Originally Posted by MrJank
https://gyazo.com/defe1638bbbf385f343684bd6c024c3c

So I know what proof by cases is... and I know how to prove problems like If n^2 is even, then n is even.

I got lost when the problems involve sets and intersection/unions..

Could someone explain this to me Barney-style?
I think what they are after is how the sets "interact" with each other. For example, start with all of A, B, C disjoint from each other. Then move to the case where A and B intersect but C is disjoint from both. Then where A and C intersect and B is disjoint, etc. etc.

-Dan

3. ## Re: Proof by cases to prove distributive law for sets

Originally Posted by MrJank
https://gyazo.com/defe1638bbbf385f343684bd6c024c3c
So I know what proof by cases is... and I know how to prove problems like If n^2 is even, then n is even.
I got lost when the problems involve sets and intersection/unions..
Could someone explain this to me Barney-style?
Why don't you learn to post symbols? Many here will not click on a link.
It is really easy: \$A\cap(B\cup C)=(A\cap B)\cup(A\cap C)\$ gives $A\cap(B\cup C)=(A\cap B)\cup(A\cap C)$

4. ## Re: Proof by cases to prove distributive law for sets

The problem is to prove that "$\displaystyle A\cap (B\cup C)= (A\cap B)\cup (A\cap C)$

To prove that "set X= set Y" do two "cases"
1) show that "if p is in X then p is in Y".
2) show that "if p is in Y then p is in X".

1) "If p is in $\displaystyle A\cap(B\cup C)$ then p is in $\displaystyle (A\cap B)\cup (A\cap C)$"
If p is in $\displaystyle A\cap (B\cup C)$ then p is in A and in $\displaystyle B\cup C$
Since p is in $\displaystyle B\cup C$ then either p is in B or p is in C so we have two "subcases":
1a) p is in B. Then since p is in A and in B p is in $\displaystyle A\cap B$ and so in $\displaystyle (A\cap B)\cup (A\cap C)$.
1b) p is in C. Then since p is in A and in C p is in $\displaystyle A\cap C$ and so in $\displaystyle (A\cap B)\cup (A\cap C)$.

2) "If p is in $\displaystyle (A\cap B)\cup (A\cap C)$ then p is in $\displaystyle A\cap(B\cup C)$".
Since p is in $\displaystyle (A\cap B)\cup (A\cap C)$ p is either in $\displaystyle A\cap B$ or p is in $\displaystyle A\cap C$
so again we have two "subcases":
2a) if p is in $\displaystyle A\cap B$ then p is in both A and B. Since p is in B, b is in $\displaystyle B\cup C$ so p is in $\displaystyle A\cap(B\cup C)$.
2b) if p is in $\displaystyle A\cap C$ then p is in both A and C. Since p is in C, b is in $\displaystyle B\cup C$ so p is in $\displaystyle A\cap(B\cup C)$.
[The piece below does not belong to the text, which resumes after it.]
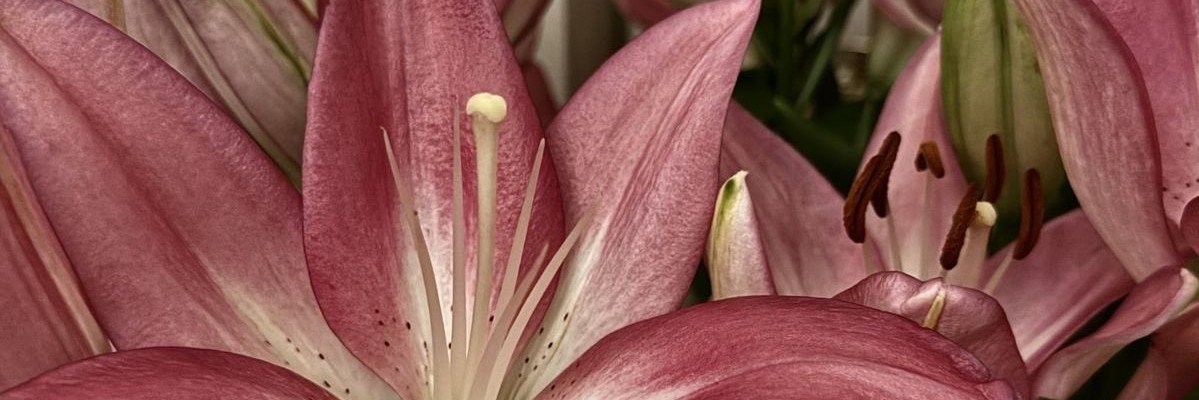 𝒍𝒖𝒏𝒂's banner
5. ## Re: Proof by cases to prove distributive law for sets

Originally Posted by MrJank
I got lost when the problems involve sets and intersection/unions..
Could someone explain this to me Barney-style?
In thirty-five years of teaching this course, I have never heard of Barney-style.
If $x\in A\cap(B\cup C)$ means that $x\in A$ AND $x\in B\cup C$
$x\in B\cup C$ means that $x\in B$ OR $x\in C$
Putting those two together we get:
$x\in A~\&~x\in B$ OR $x\in A~\&~x\in C$
Thus $x\in (A\cap B)\cup(A\cap C)$

At least you can show some effort to do the reverse.

6. ## Re: Proof by cases to prove distributive law for sets

Originally Posted by Plato
In thirty-five years of teaching this course, I have never heard of Barney-style.
I hate to say I recognize the reference but he's referring to "Barney the Purple Dinosaur." In other words, in simple terms.

-Dan

7. ## Re: Proof by cases to prove distributive law for sets

I thought maybe "Deputy Barney" of the Andy Griffeth Show (In reruns called "Andy of Mayberry").